Let‘s go full SSL
We were thrilled when Let’s Encrypt started their public beta so we could get free, high quality SSL certificates for all the services we use and host ourselves.
We use jwilder/nginx-proxy as the reverse proxy. Why? Because it’s super easy to set up and takes care of all our virtual host (vhost) configuration automatically so we can just launch services and don’t have to care about a thing anymore. But dealing with SSL certificates was still a manual step we had to perform. So we thought we could just go ahead and automate that piece of the process a little more and enhanced the jwilder/nginx-proxy.
We created the eforce21/letsencrypt-nginx-proxy that features fully automated SSL certificate generation and renewal per vhost.
How does that work?
Let’s have a look into the Dockerfile:
RUN apt-get update && apt-get install -y git cron vim && apt-get clean && rm -rf
/var/lib/apt/lists/* /tmp/* /var/tmp/*
RUN systemctl enable cron
RUN cd / && git clone https://github.com/letsencrypt/letsencrypt
COPY etc /etc
COPY ssl.tmpl /app/
COPY createSSL.sh /
RUN chmod +x /createSSL.sh
COPY Procfile /app/Procfile
COPY cronfile /app/cronfile
RUN crontab /app/cronfile
So first we take the 0.2.0 tag of the jwilder/nginx-proxy. On top of this we install cron and vim (I know, vim does not necessarily have to be in there, but it makes things just so much easier if you need to adjust something quickly or test/debug). After we enable the cron service we clone the Let’s Encrypt project from github.

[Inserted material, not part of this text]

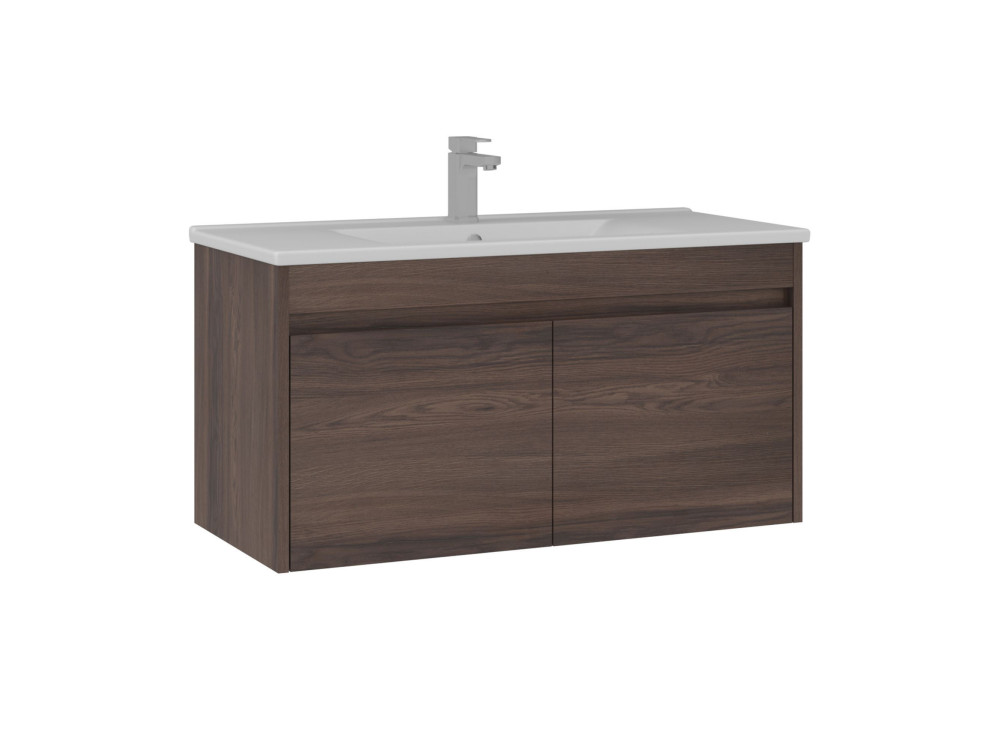 Wastafelmeubel "Side 100 v3" - 100 x 45 x 52 cm - Dark Walnut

We also adjusted the nginx-proxy with some more config files you can find in the etc folder of our repository. So we add all these resources, I’ll explain why we need them just now. In the per vhost default config we added
The Procfile starts all necessary services. We adapted it to run our docker-gen command for the certificate generation as well. If you need more information on Procfiles (and how to use them, here’s a good resource on foreman.
The cronfile holds the definition of the renewal of the certificates: 00 10 * * * docker-gen -only-exposed -notify „/createSSL.sh“ /app/ssl.tmpl /createSSL.sh
We make it check if a renewal is necessary every day at 10am. Therefore it takes the ssl.tmp file, generated the createSSL-shell-script and runs it. The ssl.tmpl contains a skeleton of a shell script that we need in order to obtain or renew certificates. It’s a GO template as docker-gen is a tool written in GO.
We add the createSSL.sh via Dockerfile because generating it wouldn’t lead to the chmod +x and therefore the generation would not work. The file is empty as the content will be generated via docker-gen.
So let’s TL;DR:
We use docker-gen to watch for container startups and generate the createSSL.sh to obtain certs. We have a cron job running that checks if certificates need to be renewed via the createSSL.sh that we generate via docker-gen as well.